Without the images, reproduce each line of the material exactly.

RECORDS FOR THE EXERCISE:
------------------------------

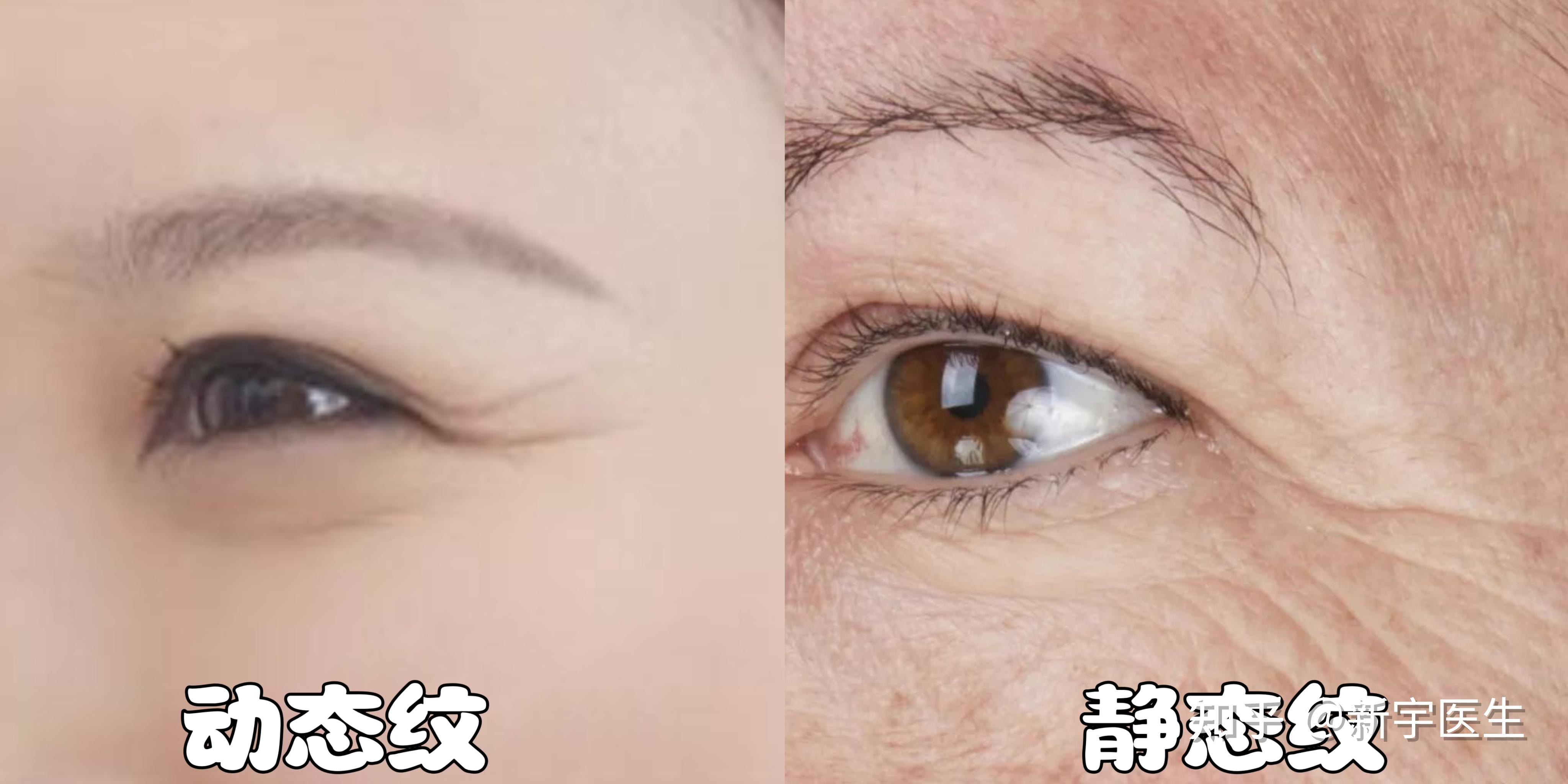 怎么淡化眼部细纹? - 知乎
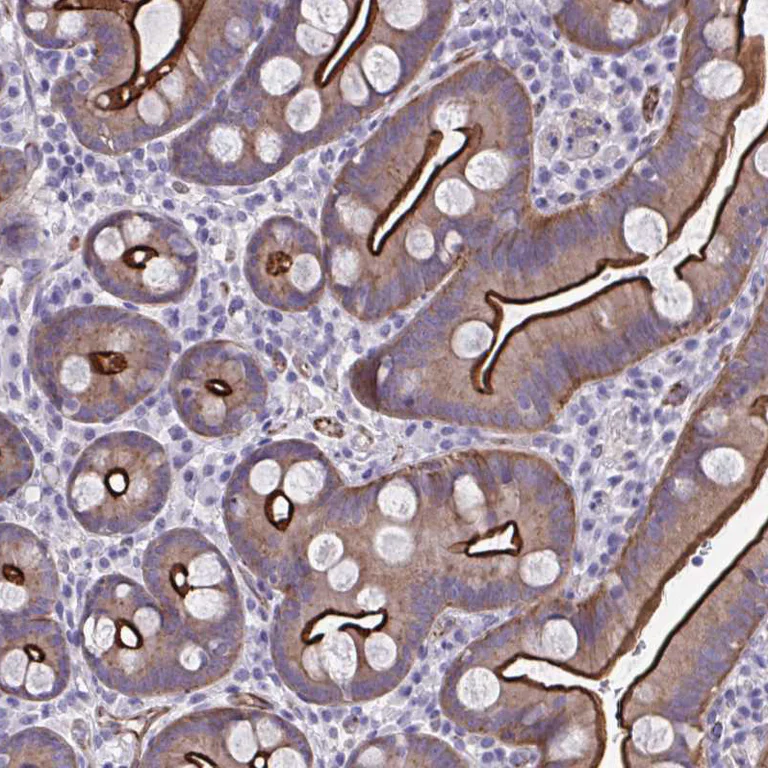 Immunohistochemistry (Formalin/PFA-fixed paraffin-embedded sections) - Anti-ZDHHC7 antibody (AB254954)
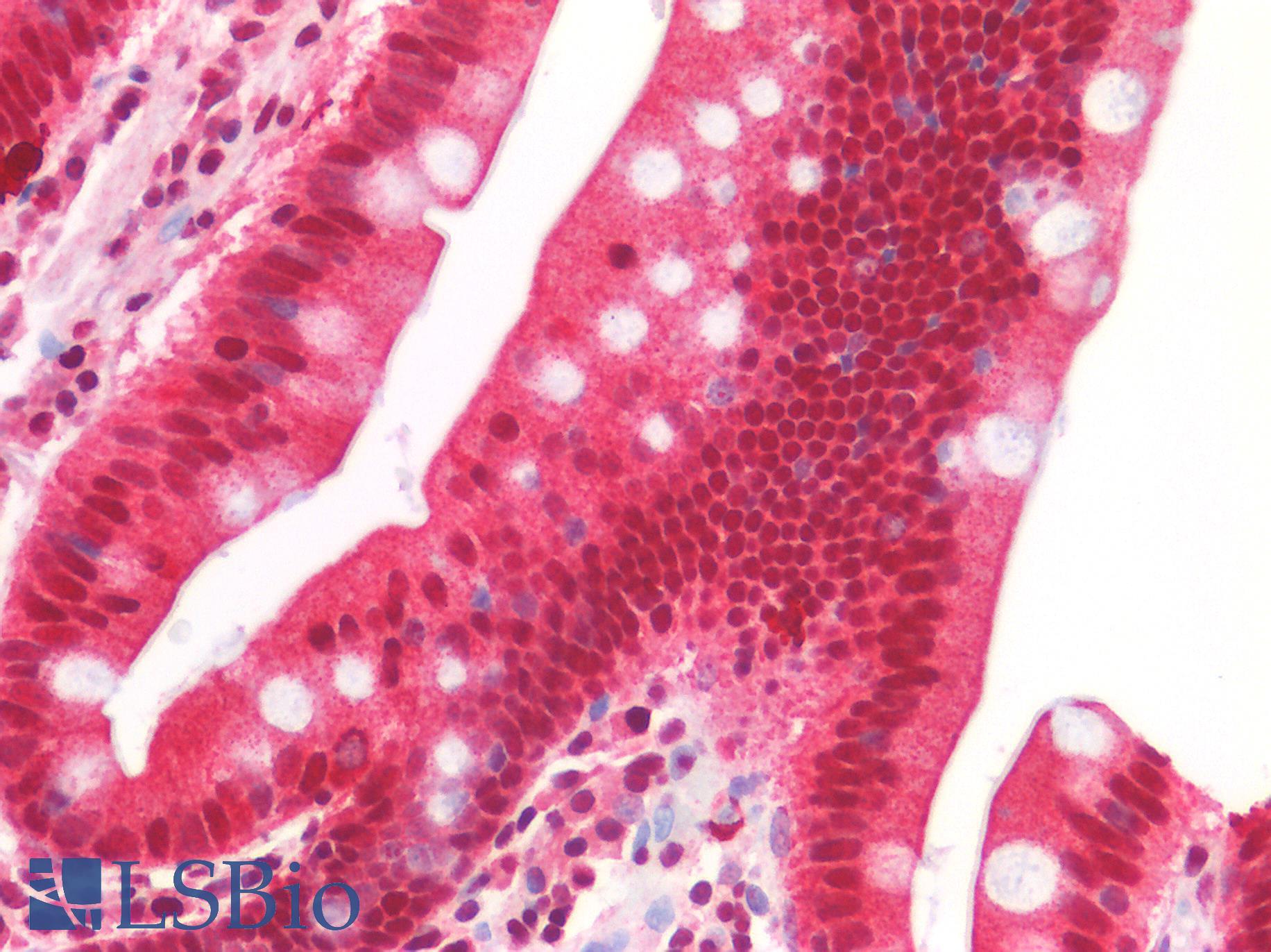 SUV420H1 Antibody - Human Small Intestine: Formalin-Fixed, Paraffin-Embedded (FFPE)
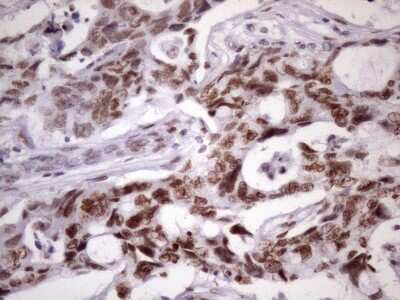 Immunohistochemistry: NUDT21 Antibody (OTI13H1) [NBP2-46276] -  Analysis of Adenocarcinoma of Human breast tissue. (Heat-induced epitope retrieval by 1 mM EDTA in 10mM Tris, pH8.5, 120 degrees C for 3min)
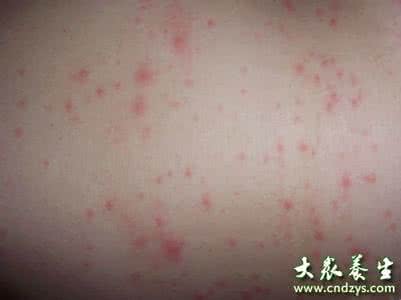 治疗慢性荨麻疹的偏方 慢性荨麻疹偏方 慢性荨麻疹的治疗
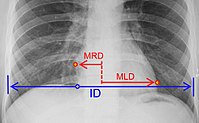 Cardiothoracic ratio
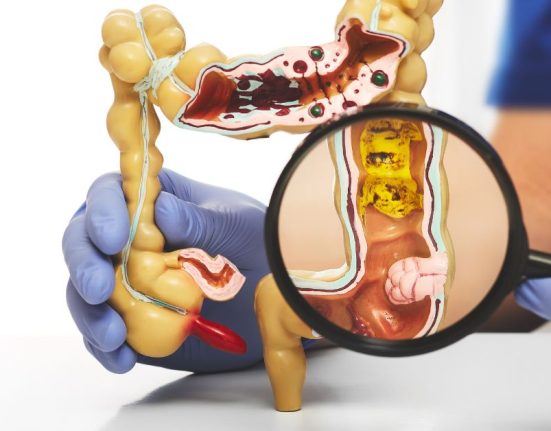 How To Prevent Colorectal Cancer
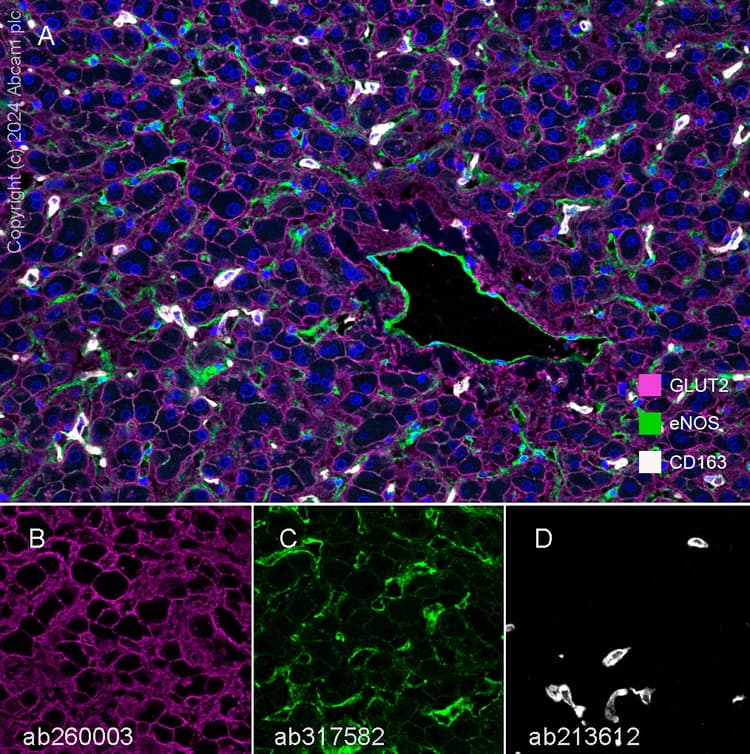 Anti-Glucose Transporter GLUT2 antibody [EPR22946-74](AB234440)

------------------------------

EXERCISE RESPONSE:
 怎么淡化眼部细纹? - 知乎
 Immunohistochemistry (Formalin/PFA-fixed paraffin-embedded sections) - Anti-ZDHHC7 antibody (AB254954)
 SUV420H1 Antibody - Human Small Intestine: Formalin-Fixed, Paraffin-Embedded (FFPE)
 Immunohistochemistry: NUDT21 Antibody (OTI13H1) [NBP2-46276] -  Analysis of Adenocarcinoma of Human breast tissue. (Heat-induced epitope retrieval by 1 mM EDTA in 10mM Tris, pH8.5, 120 degrees C for 3min)
 治疗慢性荨麻疹的偏方 慢性荨麻疹偏方 慢性荨麻疹的治疗
 Cardiothoracic ratio
 How To Prevent Colorectal Cancer
 Anti-Glucose Transporter GLUT2 antibody [EPR22946-74](AB234440)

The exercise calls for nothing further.